Mumbai: July 31, 2019 |
Ajoy Misra Managing Director and CEO |
Tata Global Beverages Limited
Registered Office: 1 Bishop Lefroy Road Kolkata-700020
CIN - L15491WB1962PLC031425, Email : investor.relations@tgbl.com
Website : www.tataglobalbeverages.com
Standalone Financial Results for the quarter ended June 30, 2019
Rs. in Crores
Particulars | Three months ended | Year ended | ||
June 30, 2019 | March 31, 2019 | June 30, 2018 | March 31, 2019 | |
Unaudited | Refer Note 5 | Unaudited | Audited | |
Revenue from Operations | 968.82 | 784.05 | 908.60 | 3429.66 |
Other Income | 38.40 | 26.61 | 59.90 | 182.51 |
Total Income | 1007.22 | 810.66 | 968.50 | 3612.17 |
Cost of materials consumed | 532.14 | 500.86 | 456.77 | 2055.97 |
Purchase of stock-in-trade | 6.50 | 8.25 | 5.91 | 23.65 |
Changes in inventories of finished goods, work-in-progress & stock-in-trade | 66.03 | (30.85) | 78.56 | 0.16 |
Employees benefits expense | 56.23 | 49.67 | 55.05 | 216.85 |
Finance costs | 5.49 | 3.24 | 3.69 | 13.18 |
Depreciation and amortisation expense | 13.68 | 8.73 | 7.32 | 31.68 |
Advertisement and sales charges | 49.73 | 62.85 | 41.35 | 226.55 |
Other expenses | 111.30 | 134.21 | 104.01 | 468.21 |
Total Expenses | 841.10 | 736.96 | 752.66 | 3036.25 |
Profit before Exceptional Items and Tax | 166.12 | 73.70 | 215.84 | 575.92 |
Exceptional Items (Net) | (8.06) | - | - | - |
Profit before Tax | 158.06 | 73.70 | 215.84 | 575.92 |
Tax Expense (Net of reversals) | (51.96) | (20.44) | (68.13) | (164.99) |
Net Profit after Tax (A) | 106.10 | 53.26 | 147.71 | 410.93 |
Other Comprehensive Income | ||||
i) Items that will not be reclassified to profit or loss (net of tax) | ||||
Remeasurement of defined benefit plans | (6.89) | 7.00 | 5.31 | 3.04 |
Changes in fair valuation of equity instruments | 3.48 | (8.57) | 2.73 | (3.94) |
(3.41) | (1.57) | 8.04 | (0.90) | |
ii) Items that will be reclassified to profit or loss (net of tax) | ||||
Gains/(loss) on effective portion of cash flow hedges | 0.08 | 0.99 | (1.58) | 2.75 |
Other Comprehensive Income (Net of tax) (B) | (3.33) | (0.58) | 6.46 | 1.85 |
Total Comprehensive Income (A+B) | 102.77 | 52.68 | 154.17 | 412.78 |
Paid-up equity share capital (Face value of Re. 1 each) | 63.11 | 63.11 | 63.11 | 63.11 |
Reserves excluding Revaluation Reserves | 4358.71 | |||
Earnings per share (Basic & Diluted) (not annualised for the quarter) - Rs. | 1.68 | 0.84 | 2.35 | 6.51 |
Notes:
1. For the quarter, Revenue from operations at Rs 969 crores increased by 7% over corresponding quarter of the previous year due to improvements in branded sales. Profit before exceptional items at Rs 166 crores is lower as compared to corresponding quarter of previous year on account of higher commodity costs, higher spends on brands and lower dividend Income. Consequently Profit after tax is lower than corresponding quarter of previous year.

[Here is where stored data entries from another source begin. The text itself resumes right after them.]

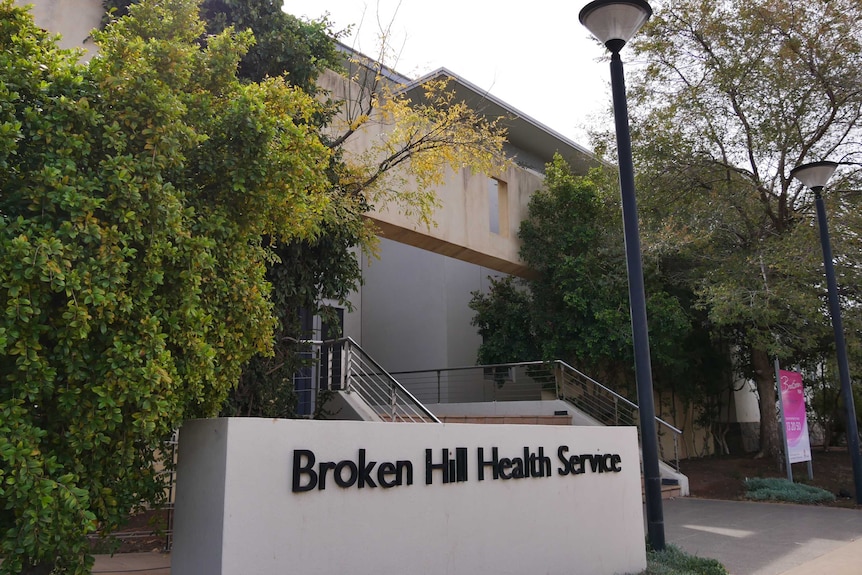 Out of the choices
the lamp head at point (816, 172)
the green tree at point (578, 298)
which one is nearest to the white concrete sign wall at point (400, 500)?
the lamp head at point (816, 172)

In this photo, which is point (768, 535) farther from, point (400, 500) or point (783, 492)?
point (400, 500)

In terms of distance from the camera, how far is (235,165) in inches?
187

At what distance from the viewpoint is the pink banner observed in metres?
13.9

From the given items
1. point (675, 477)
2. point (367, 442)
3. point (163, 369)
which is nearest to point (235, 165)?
point (163, 369)

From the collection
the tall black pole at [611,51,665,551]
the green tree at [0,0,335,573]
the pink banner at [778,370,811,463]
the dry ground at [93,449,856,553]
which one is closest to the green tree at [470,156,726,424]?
the pink banner at [778,370,811,463]

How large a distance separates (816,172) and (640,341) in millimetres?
7377

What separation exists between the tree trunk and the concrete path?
15.6 feet

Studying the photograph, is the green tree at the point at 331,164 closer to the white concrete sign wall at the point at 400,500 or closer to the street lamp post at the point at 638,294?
the street lamp post at the point at 638,294

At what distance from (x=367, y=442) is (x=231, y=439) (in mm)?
1144

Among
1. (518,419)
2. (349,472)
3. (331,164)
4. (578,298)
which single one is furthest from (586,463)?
(578,298)

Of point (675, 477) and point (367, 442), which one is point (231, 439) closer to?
point (367, 442)

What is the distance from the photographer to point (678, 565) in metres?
7.04

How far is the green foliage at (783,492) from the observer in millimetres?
13039

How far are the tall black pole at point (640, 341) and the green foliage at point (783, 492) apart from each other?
7700 millimetres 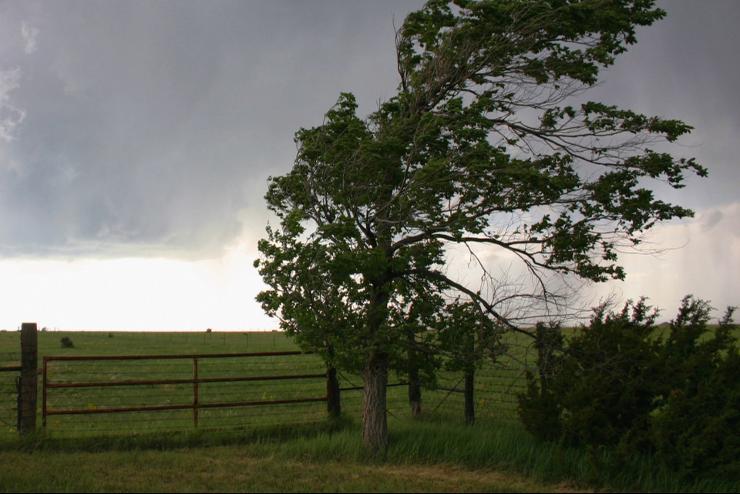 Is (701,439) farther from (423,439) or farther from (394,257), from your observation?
(394,257)

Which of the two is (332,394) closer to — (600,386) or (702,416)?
(600,386)

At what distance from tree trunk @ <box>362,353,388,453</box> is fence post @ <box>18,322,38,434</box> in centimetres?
765

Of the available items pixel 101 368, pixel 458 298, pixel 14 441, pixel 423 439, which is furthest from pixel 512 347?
pixel 101 368

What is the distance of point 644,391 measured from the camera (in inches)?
537

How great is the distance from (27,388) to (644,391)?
13.5 m

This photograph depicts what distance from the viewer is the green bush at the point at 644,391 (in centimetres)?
1259

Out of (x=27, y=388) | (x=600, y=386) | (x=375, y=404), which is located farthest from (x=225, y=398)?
(x=600, y=386)


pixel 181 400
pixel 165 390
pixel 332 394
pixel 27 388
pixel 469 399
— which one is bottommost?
pixel 181 400

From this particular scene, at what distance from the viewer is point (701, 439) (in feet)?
40.6

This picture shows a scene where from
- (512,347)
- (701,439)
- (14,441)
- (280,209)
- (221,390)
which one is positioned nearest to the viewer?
(701,439)

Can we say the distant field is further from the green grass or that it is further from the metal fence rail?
the green grass

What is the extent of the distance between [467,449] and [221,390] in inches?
594

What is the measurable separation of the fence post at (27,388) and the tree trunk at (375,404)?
7653 mm

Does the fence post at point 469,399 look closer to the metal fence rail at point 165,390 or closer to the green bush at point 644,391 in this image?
the green bush at point 644,391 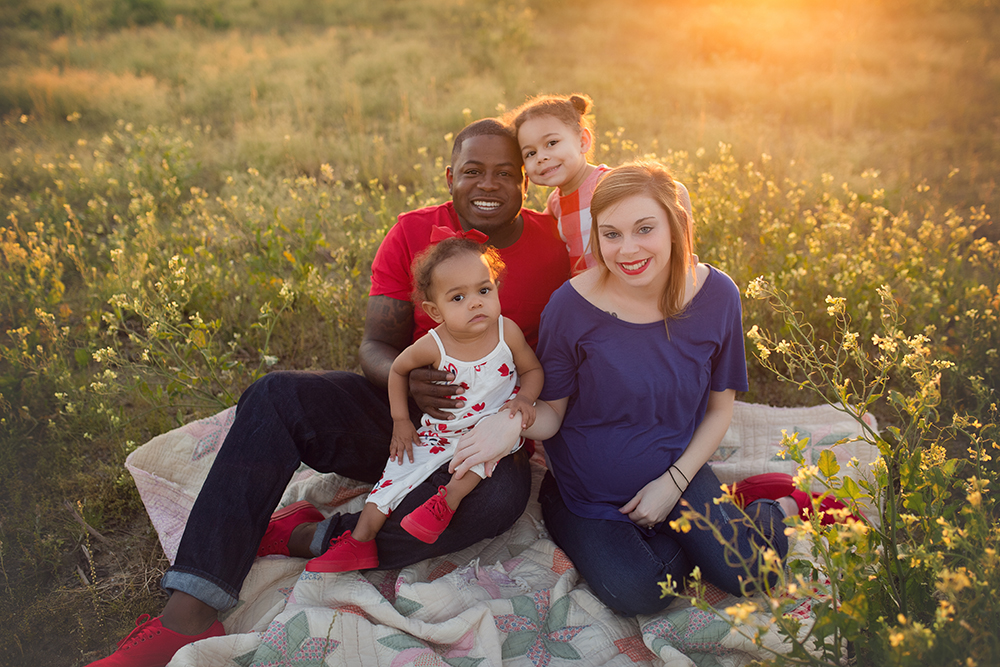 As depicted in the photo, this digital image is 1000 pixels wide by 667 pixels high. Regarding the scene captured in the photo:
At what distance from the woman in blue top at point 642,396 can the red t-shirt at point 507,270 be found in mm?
367

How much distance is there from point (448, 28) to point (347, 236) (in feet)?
27.1

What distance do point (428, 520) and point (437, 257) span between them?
1.02 metres

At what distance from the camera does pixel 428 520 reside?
2.35 meters

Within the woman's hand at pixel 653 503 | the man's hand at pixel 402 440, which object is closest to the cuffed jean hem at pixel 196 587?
the man's hand at pixel 402 440

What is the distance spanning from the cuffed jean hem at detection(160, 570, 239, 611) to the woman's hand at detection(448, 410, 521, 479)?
3.10ft

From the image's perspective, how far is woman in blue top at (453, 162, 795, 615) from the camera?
2330 mm

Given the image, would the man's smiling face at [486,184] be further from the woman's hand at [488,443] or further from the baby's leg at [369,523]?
the baby's leg at [369,523]

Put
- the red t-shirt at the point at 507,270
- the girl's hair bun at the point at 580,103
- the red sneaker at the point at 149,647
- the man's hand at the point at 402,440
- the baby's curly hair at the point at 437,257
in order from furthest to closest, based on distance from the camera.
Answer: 1. the girl's hair bun at the point at 580,103
2. the red t-shirt at the point at 507,270
3. the man's hand at the point at 402,440
4. the baby's curly hair at the point at 437,257
5. the red sneaker at the point at 149,647

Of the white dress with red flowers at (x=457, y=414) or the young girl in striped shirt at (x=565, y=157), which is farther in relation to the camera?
the young girl in striped shirt at (x=565, y=157)

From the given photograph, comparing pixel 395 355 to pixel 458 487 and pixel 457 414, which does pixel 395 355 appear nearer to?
pixel 457 414

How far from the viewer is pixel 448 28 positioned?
11586mm

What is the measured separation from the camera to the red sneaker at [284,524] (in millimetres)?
2649

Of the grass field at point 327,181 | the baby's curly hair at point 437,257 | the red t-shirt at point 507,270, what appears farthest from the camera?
the grass field at point 327,181

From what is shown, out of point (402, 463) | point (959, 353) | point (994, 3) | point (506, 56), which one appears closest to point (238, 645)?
point (402, 463) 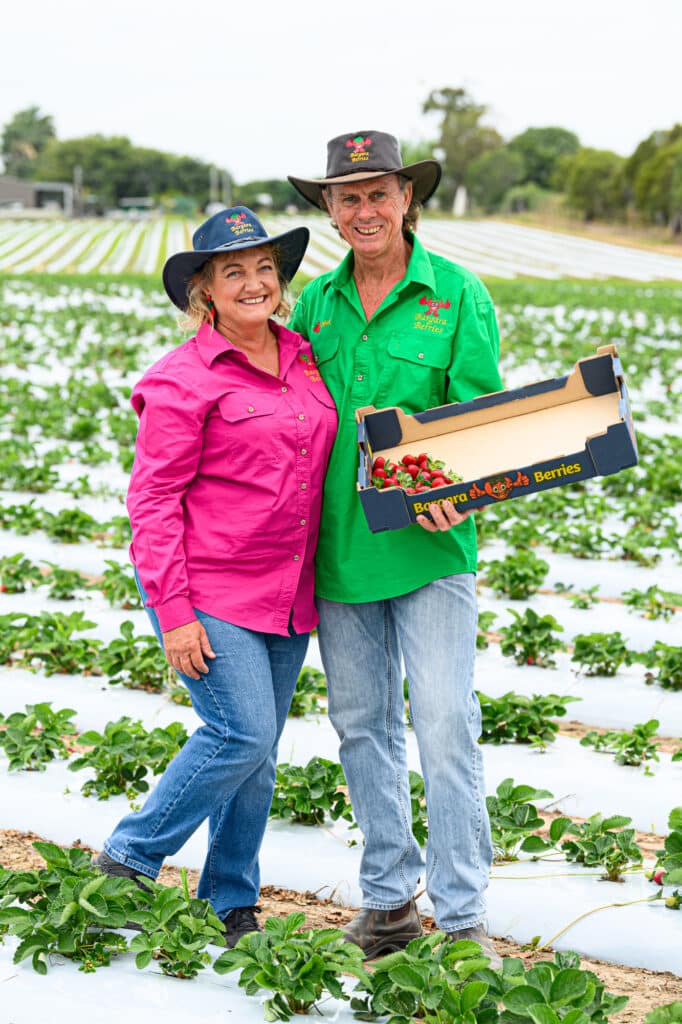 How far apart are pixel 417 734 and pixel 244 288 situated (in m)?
1.08

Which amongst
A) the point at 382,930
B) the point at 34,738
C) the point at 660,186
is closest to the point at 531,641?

2. a) The Board of Directors of the Company in its meeting held on May 15, 2019, as a part of business reorganisation, had approved the scheme of merger of consumer product business of Tata Chemicals Limited with the Company in terms of a scheme of arrangement under Section 230-232 and other applicable provisions of the Companies Act, 2013. The appointed date of the scheme is April 1, 2019. The Scheme would become effective after receipt of all requisite statutory and NCLT approvals, including Shareholders approval. The results of the said business will be included in the standalone results, with effect from the appointed date, on receipt of all requisite approvals. The costs incurred during the quarter in relation to the proposed scheme of merger have been disclosed as exceptional items.
b) The Company had in April, 2019 entered into a non-binding term sheet to acquire the branded tea business of Dhunseri Tea & Industries Limited. The Board of Directors in its meeting held on July 31, 2019 approved entering into binding agreements.
3. The Company has organised its business into Branded Segment and Non Branded Segment. Branded Segment is further categorised as Branded Tea, Branded Coffee and the residual as Branded Others. As per the threshold limits prescribed under Indian Accounting Standard (Ind AS-108) on "Segment Reporting", the Company's reportable activity falls within a single business segment and hence, the segment disclosure requirements are not applicable.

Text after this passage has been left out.